Thus, i regress the following regression:
regress y1 z1 x1 x2, robust cluster (x3)
the t-statisic for the coefficient of z1 is the correct t-statistic for the
test that the coefficient of y2 is equal to zero (am i correct?).
I obtained even stronger results. The t-statistic is -2.43.
Am i correct that now i can claim that y2 as a significnat negative effect
on y1 based on the -2.43.
Thanks,
Danny
----- Original Message -----
From: "Austin Nichols" <[email protected]>
To: <[email protected]>
Sent: Thursday, February 28, 2008 4:00 PM
Subject: Re: st: conditional likelihood ratio test when the cluster option
is used in ivreg (weak instrument).
Danny--
The answer is no, you cannot "trust this result" from a command that
does not allow cluster-robust estimation when you must use clustered
standard errors in the IV (ivreg2) estimation. If clustering is
important, and you have said that it is, and you have a weak
instruments problem, you must either improve the quality of your
instruments by adding/finding more excluded instruments, in which case
you probably want the LIML/CUE options on -ivreg2- (and overID tests),
or you can use a method of inference robust to the presence of weak
instruments that allows clustering, namely Anderson-Rubin tests/conf
regions. I discussed this in some detail at NASUG5, and some of the
material appears in the slides at
http://www.stata.com/meeting/5nasug/wiv.pdf and some in Stata Journal
7(4). On Anderson-Rubin tests/conf regions, see the Dufour and
Taamouti ref linked from http://www.stata.com/meeting/5nasug/wiv.pdf
(though I prefer constructing the confidence region rather than the
projection onto individual axes that they advocate--the latter can be
deceptive if, say, there are two variables measuring a similar
quantity and you can reject that both coefs are simultaneously zero
because the conf ellipse does not include the origin, but the
projections might both overlap zero). Tests are easier than
confidence regions for this approach, obviously.
On Thu, Feb 28, 2008 at 8:09 AM, Danny Cohen-Zada <[email protected]>
wrote:
I will try to edit my question to be clearer.
Suppose that i estimate the following iv model with the cluster option.
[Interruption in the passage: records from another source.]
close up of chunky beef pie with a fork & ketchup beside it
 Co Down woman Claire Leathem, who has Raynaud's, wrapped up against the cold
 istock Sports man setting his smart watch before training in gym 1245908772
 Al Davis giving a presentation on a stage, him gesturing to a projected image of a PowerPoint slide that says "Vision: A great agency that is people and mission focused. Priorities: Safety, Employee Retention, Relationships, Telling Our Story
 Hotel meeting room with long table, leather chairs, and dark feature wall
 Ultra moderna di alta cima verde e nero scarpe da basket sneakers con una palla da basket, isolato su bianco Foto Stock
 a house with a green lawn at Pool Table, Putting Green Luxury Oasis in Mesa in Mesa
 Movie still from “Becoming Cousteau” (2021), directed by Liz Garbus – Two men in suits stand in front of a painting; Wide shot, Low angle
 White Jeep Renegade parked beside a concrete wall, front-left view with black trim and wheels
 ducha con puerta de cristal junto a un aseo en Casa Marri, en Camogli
ivreg2 y1 x1 x2 (y2 = z1 ), ffirst cluster (x3)
I tested that my instrument is weak (using the clustered f-statistic)
and
found that my instrument is weak.
Then i run the conditional likelihood ratio test
condivreg y1 x1 x2 (y2= z1)
This command does not have the cluster option.
Supose that i find that the p-value of this test is 0.000 . Can i trust
this
result even when i use clustered standard errors in my ivreg estimation.